Die Konferenz im Deutschen Sprachatlas widmet sich allen Aspekten der menschlichen Stimme, die dazu beitragen, die Identität der jeweils Sprechenden herzustellen und zu kommunizieren. Daher kommen bei dieser Konferenz namhafte Vertreter*innen aus den Bereichen der Phonetik, Computerwissenschaft, Forensik, Neurowissenschaft und Psychologie zusammen. Sie gehen den Fragen nach, wie Identität durch akustische Merkmale bei der Stimmgebung hergestellt wird, wie die akustischen Merkmale interpretiert werden, welche Gehirnareale und hirnphysiologischen Prozesse diese Interpretation unterstützen und ob und wie der Mensch gefälschte Stimmen von echten unterscheiden kann.

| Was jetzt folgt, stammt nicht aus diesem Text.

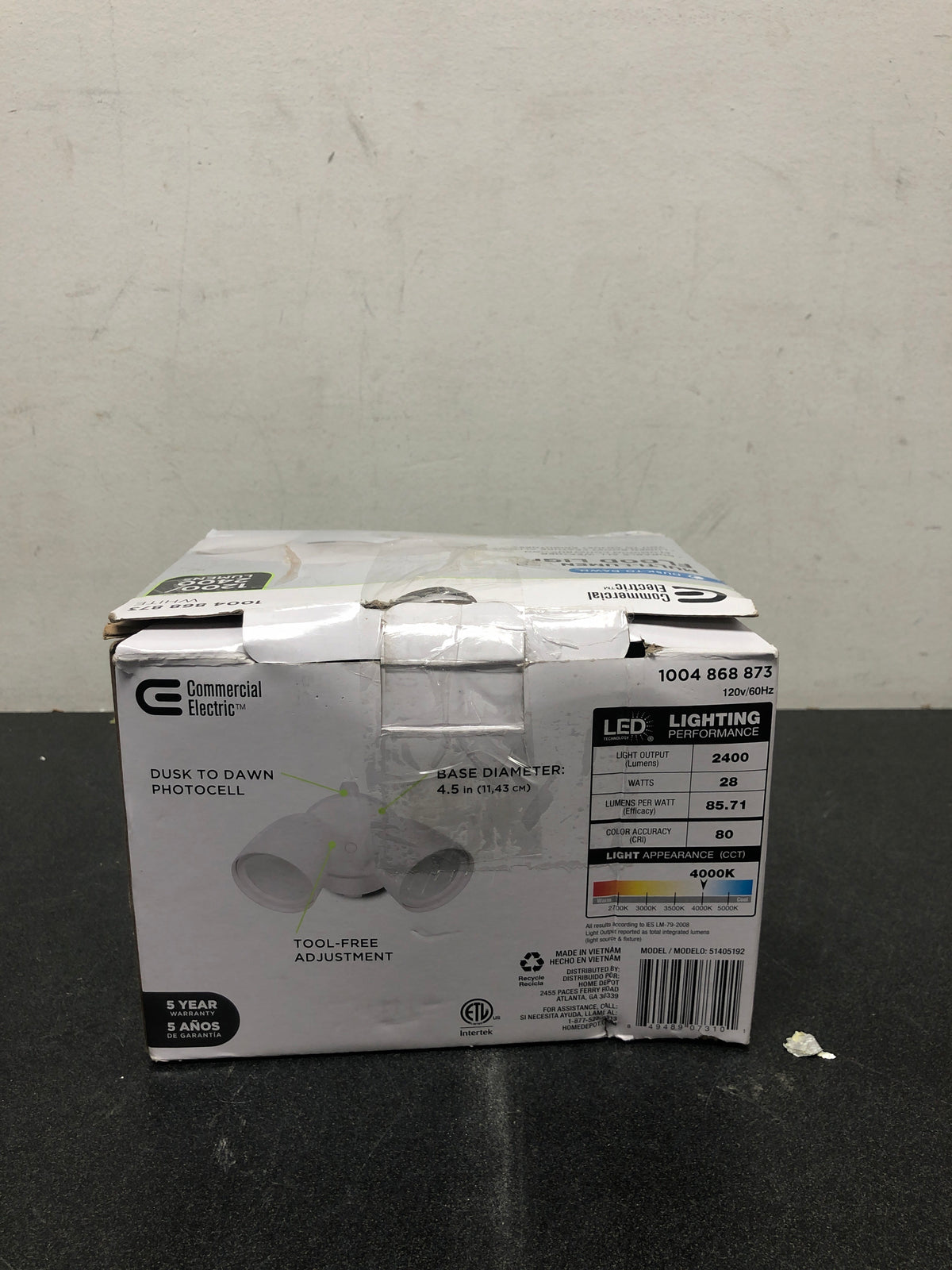 Commercial electric 51405192 Dusk to Dawn Sensor White Exterior Outdoor Twin Head LED Flood Light Security 1200 to 2400 Lumens 4000K Wet Rated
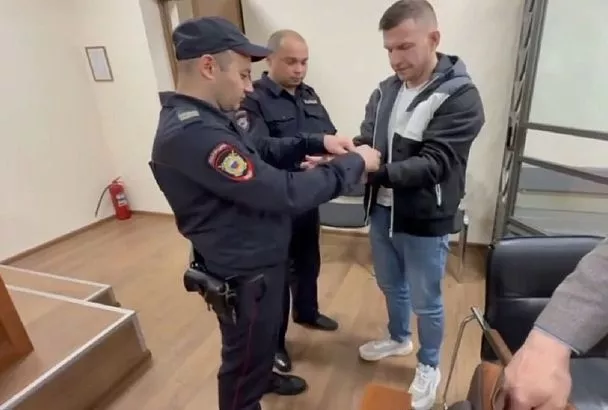 Экс-сотрудник УФНС осужден на 4 года в Краснодаре за разглашение налоговой тайны и взятку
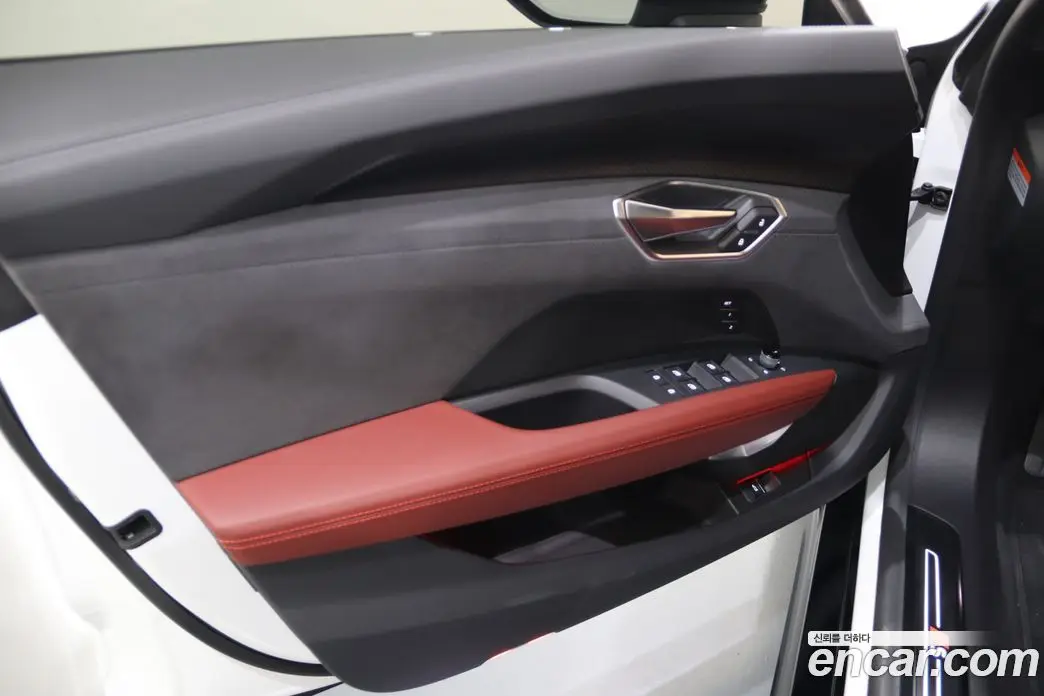 Audi e-tron GT 2025 0.1 автомат (гидро), фото 16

In diesem Zusammenhang sind die Beiträge der Konferenz auch von forensischem Interesse, berichtet Gea de Jong-Lendle, die als forensische Phonetikerin in der AG Phonetik arbeitet: „Anhand der akustischen Merkmale einer Stimme versuchen wir, die Identität von Sprecher*innen zu bestimmen und können so dazu beitragen, Straftäter*innen zu überführen.“ Insbesondere im Fall eines Sprecherprofils (wenn eine Audio-Aufnahme existiert, es aber noch keinen Verdächtigen gibt) bietet die Universität Marburg eine unschätzbar wertvolle Datenbank im Deutschen Sprachatlas. Mit Hilfe der historischen Wenker-Dialektkarten und zusätzlicher regionaler Sprachaufnahmen ist es möglich, die Herkunft eines Sprechers auf einen bestimmten geographischen Raum einzugrenzen. „Die forensische Phonetik hat in Marburg übrigens eine lange Tradition“, so de Jong-Lendle. Schon seit RAF-Zeiten sind Marburger Phonetiker*innen an polizeilichen Ermittlungen und Strafverfahren beteiligt.

Die Konferenz gibt außerdem Impulse für die vieldiskutierte künstliche Intelligenz. So wird es auch darum gehen, wie gut Algorithmen der Künstlichen Intelligenz menschliche Stimmen imitieren oder Fälschungen (Deep-Fakes) identifizieren können. „Wir in der Marburger Phonetik sind sehr stolz darauf, an diesen gesellschaftlich wichtigen und relevanten Themen teilhaben und unsere Expertise gemeinsam mit den internationalen Kolleginnen und Kollegen einbringen zu können“, sagt Scharinger.